"""

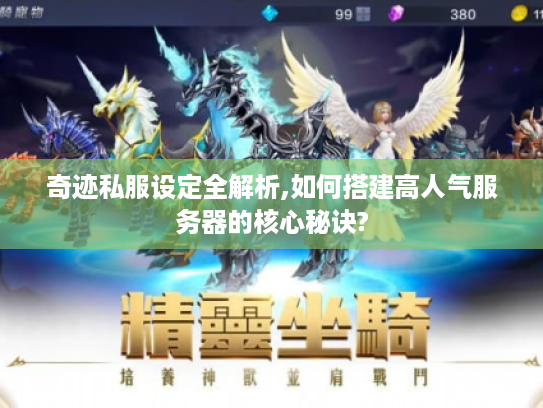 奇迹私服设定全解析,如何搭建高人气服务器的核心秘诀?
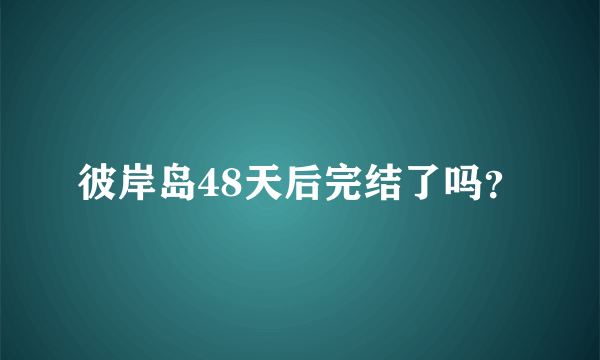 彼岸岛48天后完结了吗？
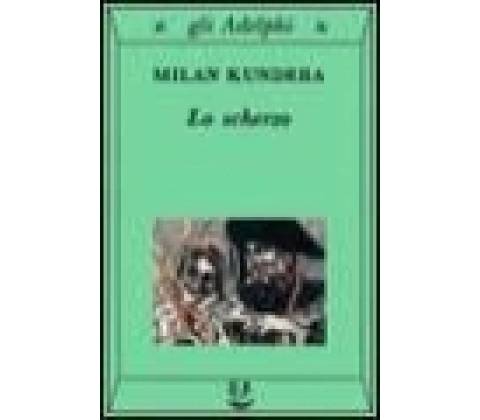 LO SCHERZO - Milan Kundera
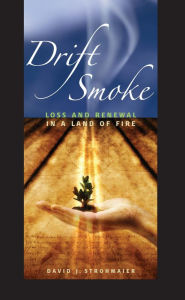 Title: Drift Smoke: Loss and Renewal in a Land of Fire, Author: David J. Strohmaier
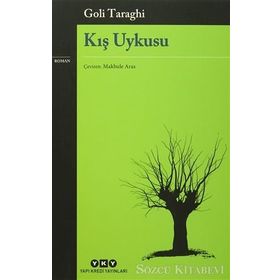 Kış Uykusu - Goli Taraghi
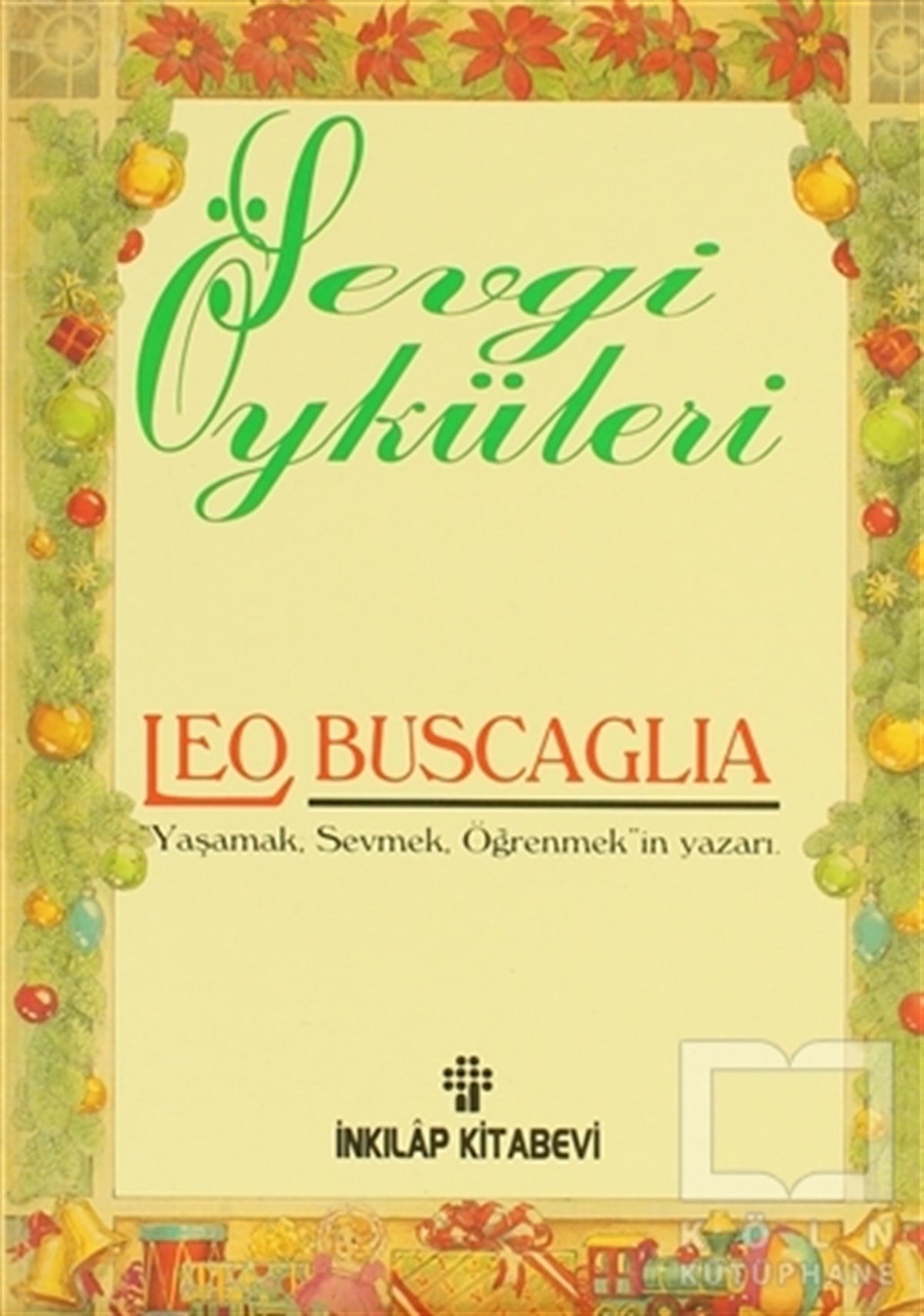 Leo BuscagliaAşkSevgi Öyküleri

"""

- _WHAT IS NEEDED_
Strip out the pictures and reproduce the remaining material above exactly.

- _OUTPUT OF THE TASK_
 奇迹私服设定全解析,如何搭建高人气服务器的核心秘诀?
 彼岸岛48天后完结了吗？
 LO SCHERZO - Milan Kundera
 Title: Drift Smoke: Loss and Renewal in a Land of Fire, Author: David J. Strohmaier
 Kış Uykusu - Goli Taraghi
 Leo BuscagliaAşkSevgi Öyküleri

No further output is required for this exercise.